Where would you see it heading north of the river?

The northbank by Eade Road has loads of room. I would love to see a link to Eade Road that can link up with any potential redevelopment on Omega Works that could then allow a link under the railway to the St Anns redevelopment. 

Haringey Planning is organising an online Teams meeting to consult on plans for the Omega Works development - please DM if you'd like details.

A north-south connection across the New River is something we're keen to look at. The Berkeley Homes / UK Power Networks electricity tunnel site on Linkway is likely to be the key in that respect - a New River crossing would connect their future developments on that site and on the other side at Rowley Gardens.

It would require an upgrade to the New River path between Green Lanes and Seven Sisters (which currently sees very little footfall and is a mudbath for much of the year) for the benefit of cyclists and pedestrians alike.

Amazing. I will DM. 

Opening any part of the New River Path to cycle traffic would be a retrograde step. This part of the path isn't well used because, as member 'Hermitage New River Residents' says, it's a mud bath for much of the year. The solution is to improve the path for pedestrians, not to turn it into a cycle highway.

Although this is Thames Water land, it is just inside Hackney so the key influencer of its future would be Hackney council, though I dare say that Haringey will get a look-in too, as no doubt will the Berkley Group. I hope they can all be prevailed upon to keep it free of any sort of vehicular traffic. We need some spaces that are just for pedestrians.

Haringey apparently understand this. I hope that this understanding is firmly enough embedded to save this part of a fast-dwindling resource.

Actually Hugh my interest is not to take a cycle path along the New River. In looking at the bigger north-south linkages you could get a route from Bruce Castle Park to Clissold through a number of green spaces, LTNs and new development sites. The idea of such a greenway route would be much better than the current hit and miss CS1 route or Green Lanes options. The barrier is just the New River.
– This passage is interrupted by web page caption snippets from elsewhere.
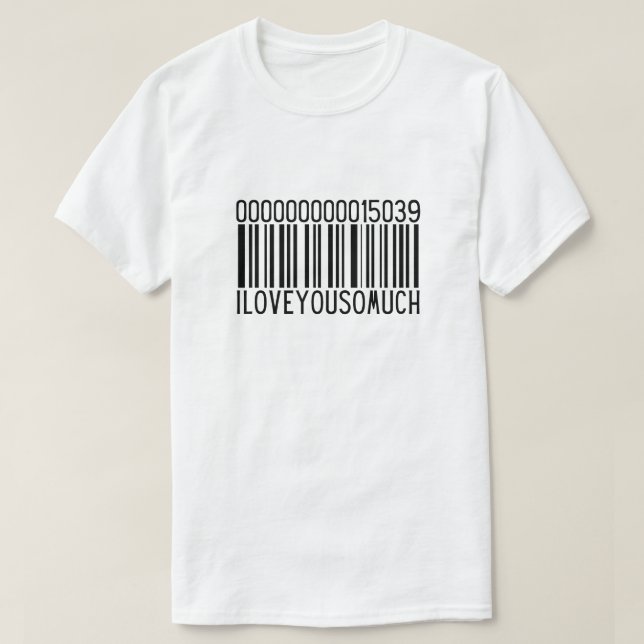 Camiseta Eu Te Amo Tanto (Frente do Design)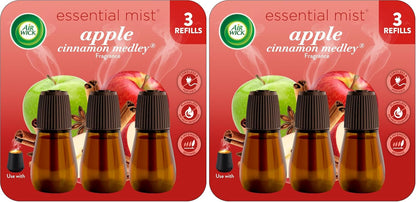 Air Wick Essential Mist Refill, Essential Oils Diffuser, Lavender and Almond Blossom, 3 ct, Air Freshener, Aroma diffuser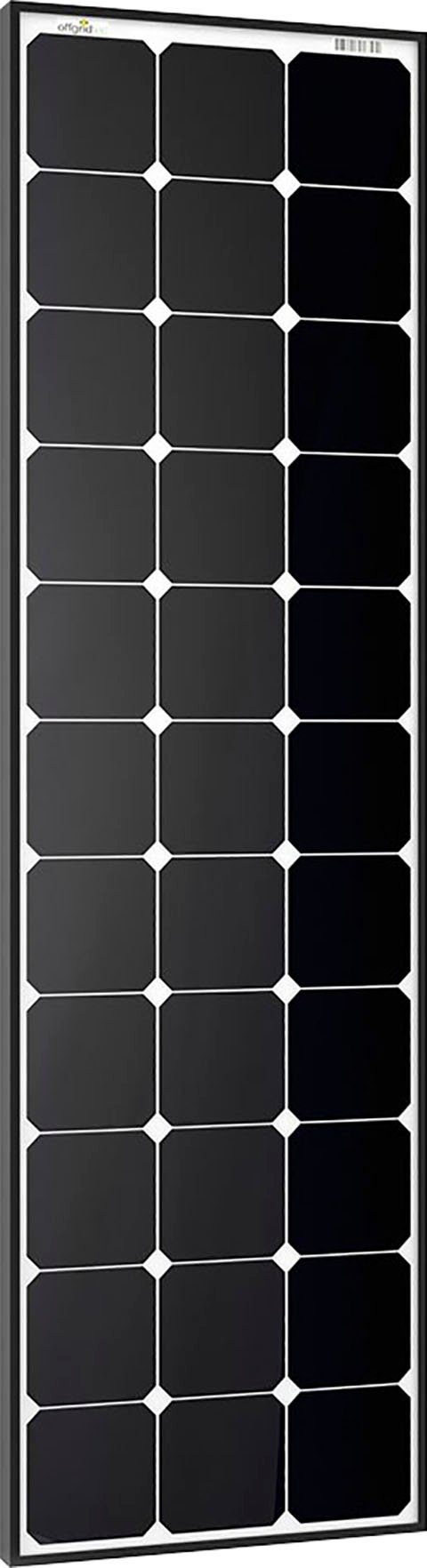 offgridtec Solarmodul SPR-120 120W Solarpanel, wiederstandsfähiges SLIM W, High-End Monokristallin, extrem 12V 120 ESG-Glas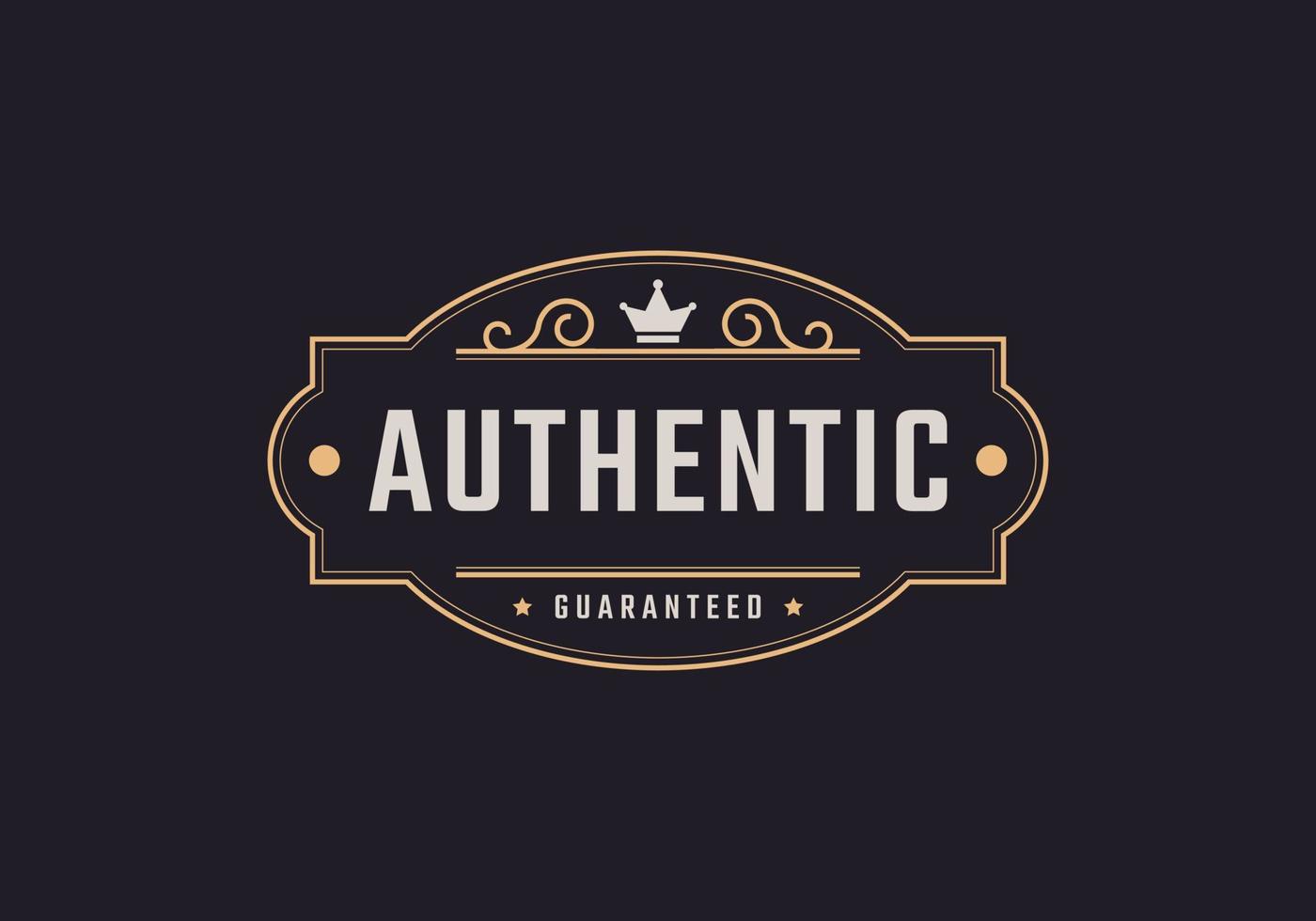 Vintage Retro Badges and Silhouettes Logo Design Element vector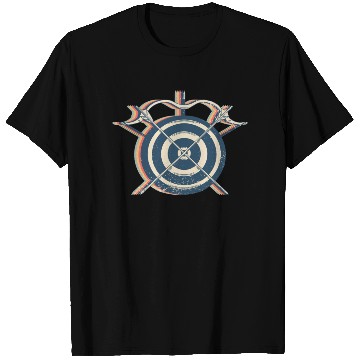 Discover Archery Archer Bow and Arrow Retro Line Art T Shirts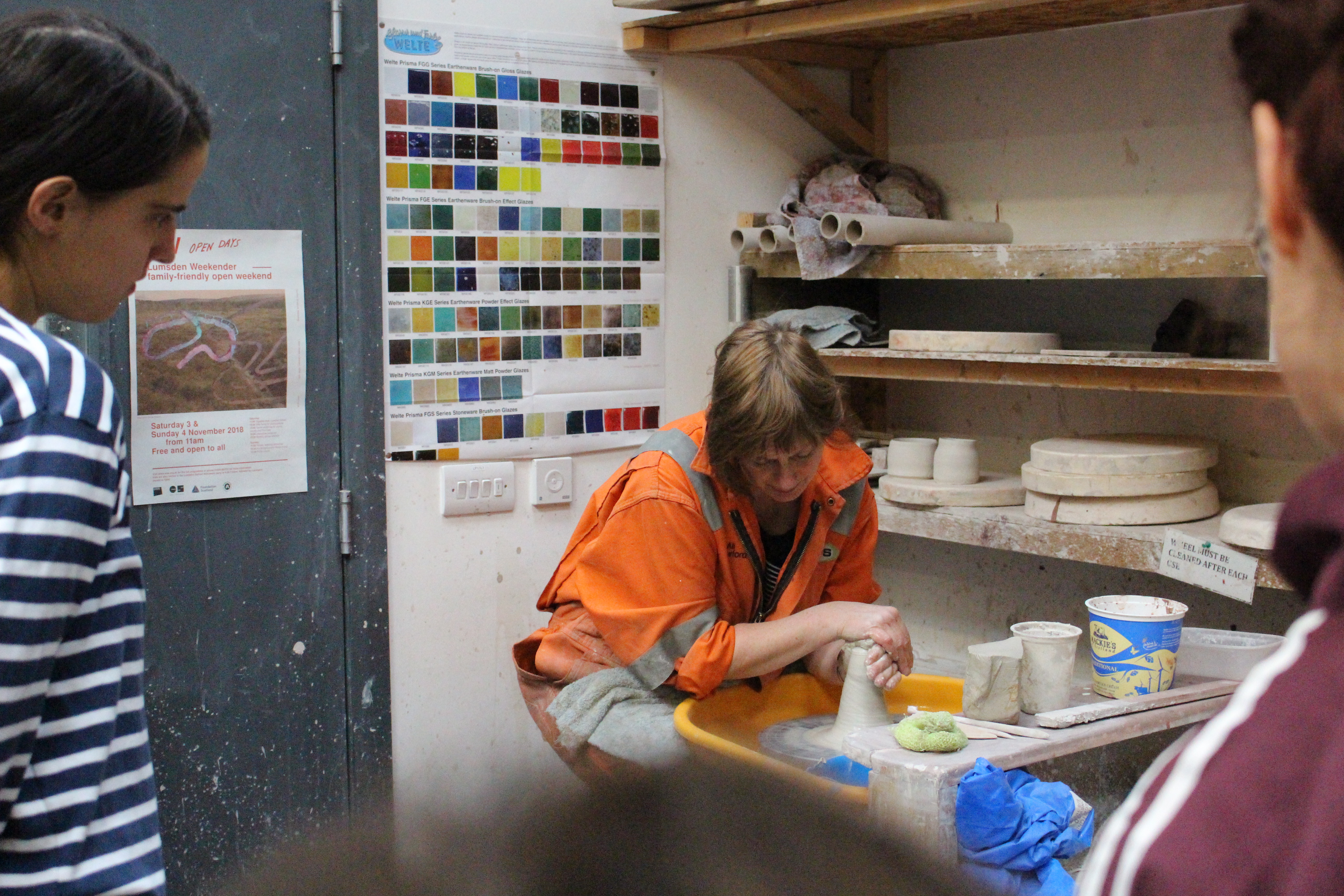Ceramics Induction with Beth. Photo: SSW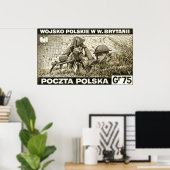 Polnische Armee des Zweiten Weltkriegs in England Poster (Heimbüro)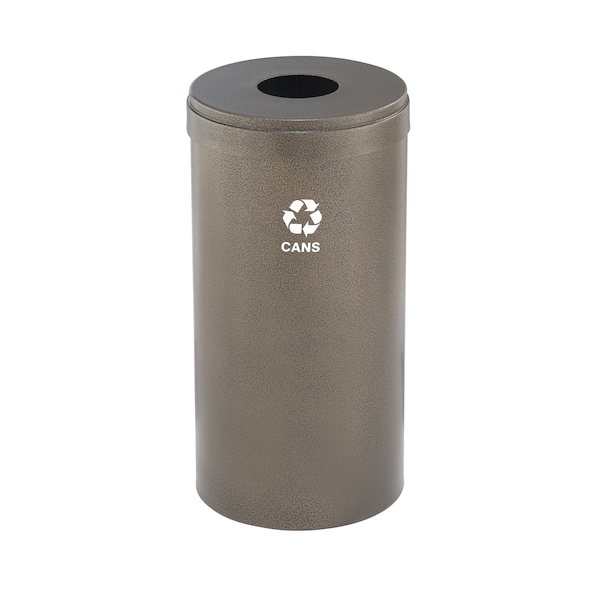 23 gal Round Recycling Bin, Bronze Vein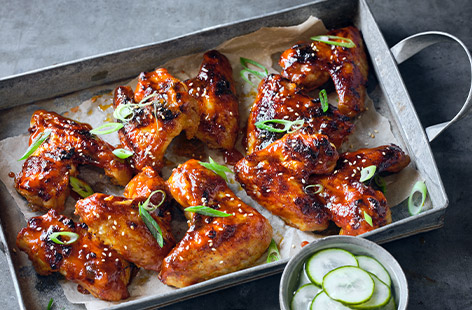 When the Korean food trend came to town, we fell hard for it! These sticky wings use easy-to-get ingredients and are barbecue-friendly, too.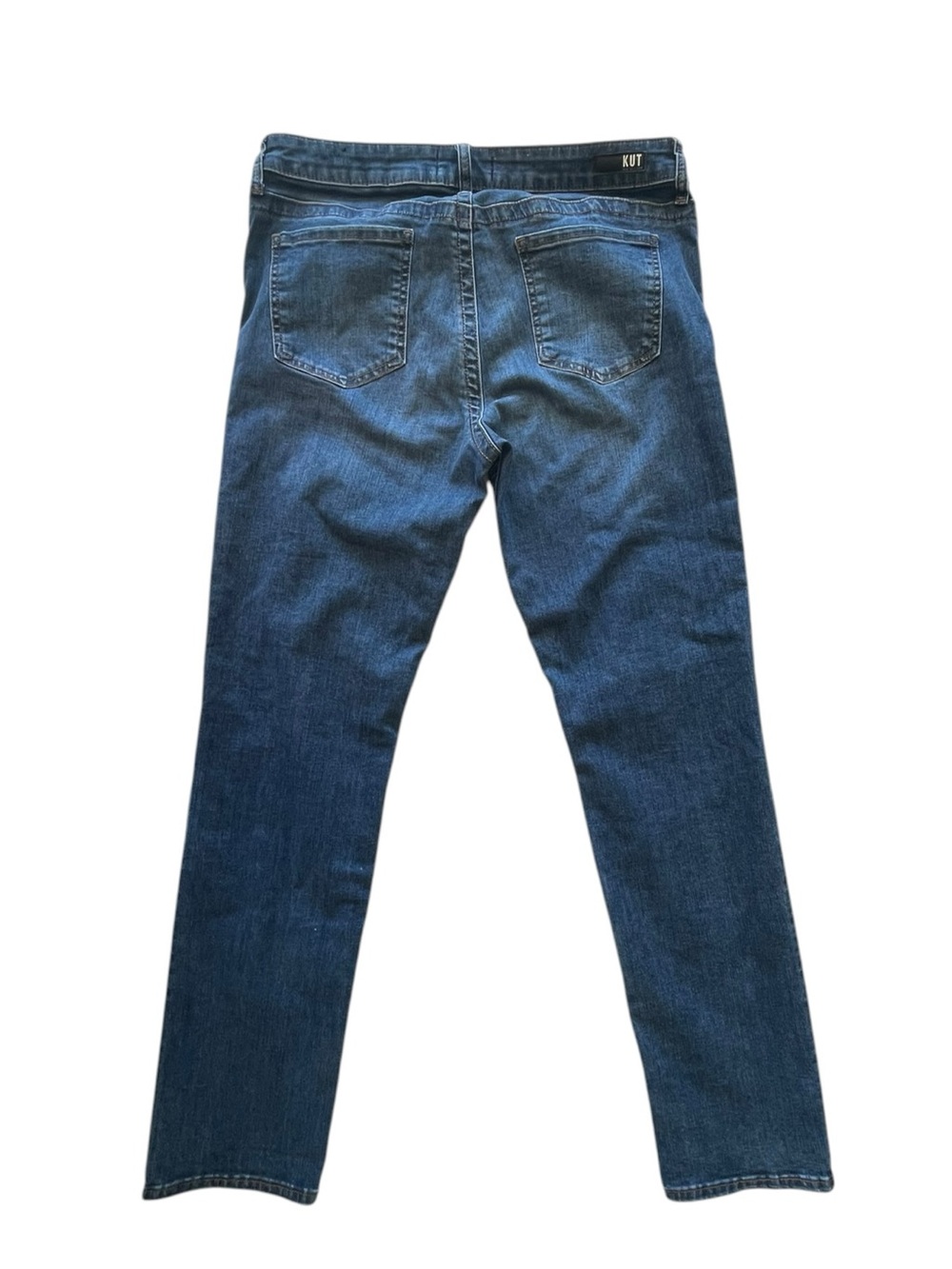 Kut from the Kloth Women's Straight Leg Jeans in Wash Blue - Picture 10 of 10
Lots of space within the fence on the north bank alongside Eade Road that could allow a crossing of the River. 

Currently Green Lanes has a narrow segregated cycle way along the Finsbury Park stretch. Its not the most friendly of routes. 

Fully supportive of a river crossing, but not of taking away any green space for any sort of traffic. The green space we have left in London should be for plants, people and other animals. Vehicles of all sorts belong on roads.